Quinta feira brava, muito trabalho, muito empenho em tentar desenvolver a leitura, a escrita e o raciocínio lógico dos meus alunos do fundamental. Muita energia, brincadeiras, cantorias, jogos e contação de histórias com os pequenos da educação infantil. Hoje ainda teve dois casos de choro entre os pequenos, normal; período de adaptação é fogo, teste de resistência, mesmo para profissionais experientes como eu, há tantos anos nas salas de aula. Acordando às 5:45, almoçando na escola, correndo entre os dois turnos, chegando em casa às 17:30.
Como diz a propaganda da Nextel: "Essa é minha vida, esse é meu clube." Amo minha profissão e a escola onde trabalho, adoro as pessoas e minhas diretoras e pedagoga são tudo de bom, me dão a autonomia que eu preciso, enfim...sou uma criatura que gosta de trabalhar, que sai de casa com prazer. O calor nestes dias tá de fritar ovo no asfalto, coisa medonha, como dizia o Pe. Léo. (ai, que saudade dele!!!). Certas pessoas Deus não podia levar desse mundo...fazem falta demais.

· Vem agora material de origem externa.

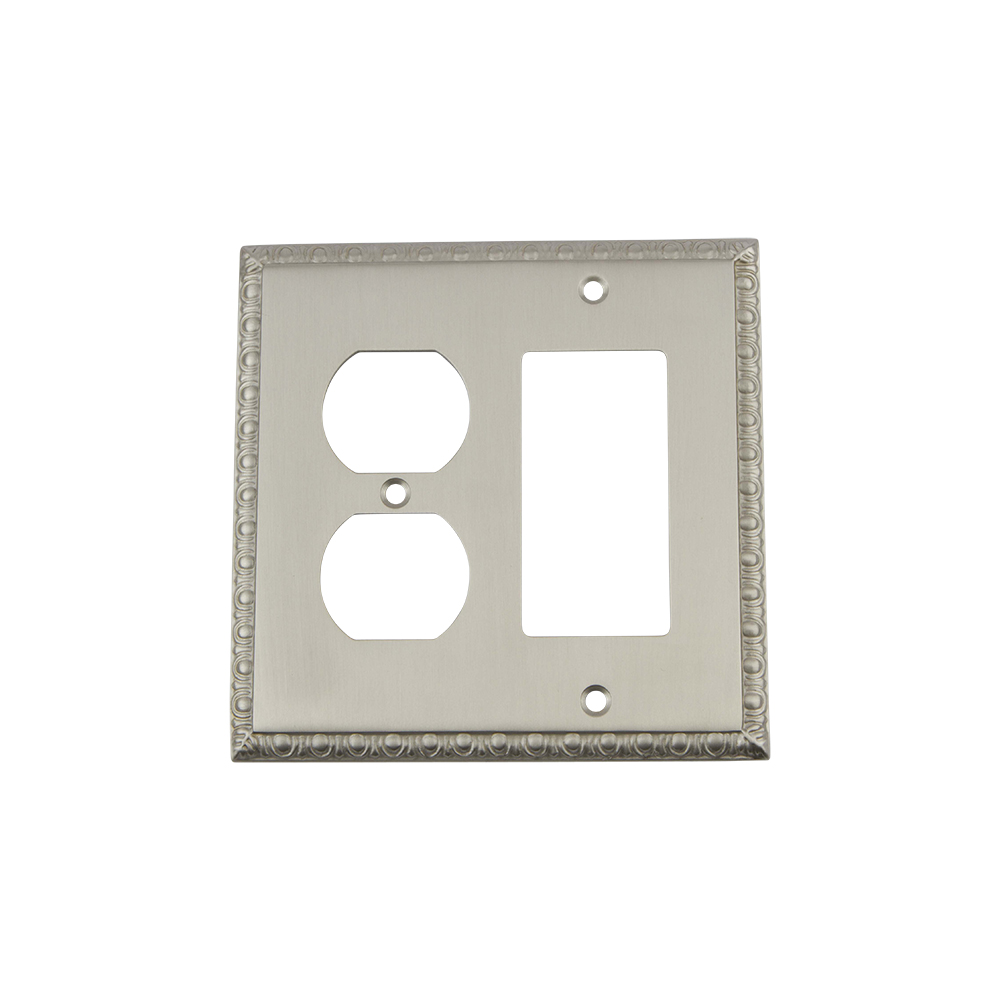 Nostalgic Warehouse EADSWPLTRD Egg & Dart Switch Plate with Rocker and Outlet in Satin Nickel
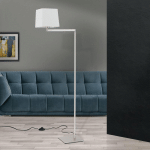 ORION LAMPADAIRE TEXTILE CARLTON, NICKEL MAT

Hoje seria um dia em que eu precisaria ouvir o Pe. Léo falar pra ver se eu consigo entender ou pelo menos me conformar com certas situações. Nessa semana faleceu uma professora contratada da rede municipal. Pela manhã compareceu à designação de aulas, à tarde foi ao médico para exame admissional e teve um infarto fulminante dentro do consultório. Na faixa dos 40...uns 47 (minha idade). Era uma ótima professora e tive vários alunos que já tinham sido alunos dela. Mas não era efetiva ainda. Trabalhava e se preocupava muito em dar o melhor do melhor às filhas. Conversei com ela algumas vezes durante sua breve passagem pela minha escola. Grande perda.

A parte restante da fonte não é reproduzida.